About Me

My name is Christine. I'm a visual artist, musician, traditional storyteller, DV survivor, and have been a fulltime caregiver for an individual living with various diagnoses. After my marriage, I learned how to play various instruments, started exploring various means of creative expression, worked with at-risk teens/families, volunteered with the local crisis lines, participated in starting up a family resource center, completed my BA, furthered my studies towards becoming an art therapist, managed homes for adults living with disabilities, and facilitated therapeutic music/art sessions. I was doing everything I could so my children and I could have a brighter life, present and future. My physical health, however, continued to show evidence of too many chronic stressors over many decades. This blog is about my journey in discovering peace and better health by meeting life in the most basic and, in my opinion, the most rewarding of ways - by focusing on the riches of simplicity. If you're a new visitor to my blog, you might be interested in starting here: Finding the Riches.

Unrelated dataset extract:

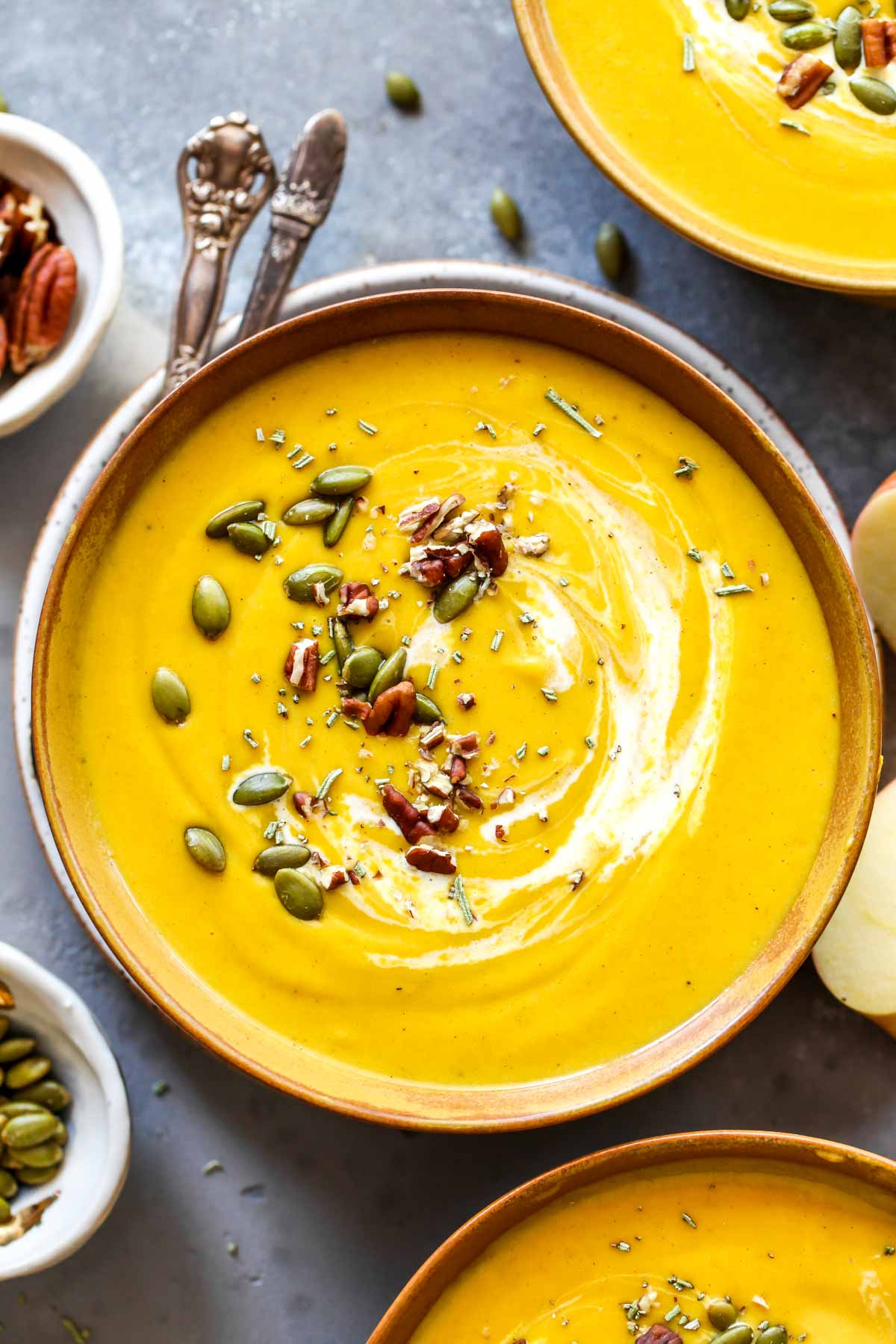 Creamy butternut squash topped with nuts in a gold bowl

Saturday, November 02, 2013

Light


Today I came across this draft that I hadn't posted last year. I remember that I'd considered deleting it last year. Today I realized how pertinent it is to my present journey:

"Last week, I was sitting in a closet-sized room at a hospital lab where the only view included the three bathroom-stall walls around me and the empty wall on the other side of the corridor. Against the wall was a metal shelf unit on wheels, housing folded hospital gowns.

As I sat in the tiny space waiting for the lab assistant, I became aware of the sense that there was nothing inspiring that I could see, and I hadn't brought along a notepad for writing/ sketching/scribbling ideas. There was no window offering a glimpse of a tree or birds or sky. There was no music, no artwork on the walls - only my imagination.

So I challenged myself. I looked at that institutional metal rack and considered the possibility of thinking creatively about it. It was shiny. It was silver. Still nothing. It had wheels - that gave my mind a microsecond of a grin imagining the adventure Lucy Ricardo or some other character might have with a wheeled shelf unit in a hospital hallway.

And then my thinking took a sharp turn. I considered the idea that we often don't see because we don't "see" - we don't look, we don't understand, our interpretation is too shallow, too limited. Something inside me wanted to find what I wasn't seeing.

I considered that maybe that's what happens when we're in a desperate environment - we're reminded of the inner life within us rather than being so attached to the environment around us. We're beckoned to reclaim how we view life rather than having our view dictated by our surroundings. We're called to take the time to really see rather than just exist. And then I saw it. I caught my breath and smiled at the timing of the thoughts I was having and what I was seeing - the glint of light on the corner of one of the shelves. Reflection."

Light. It's what draws us to the magic of the stars in the night sky; the glow of the moon in the dark. Our ability to see colour is dependent on it. And it's within us.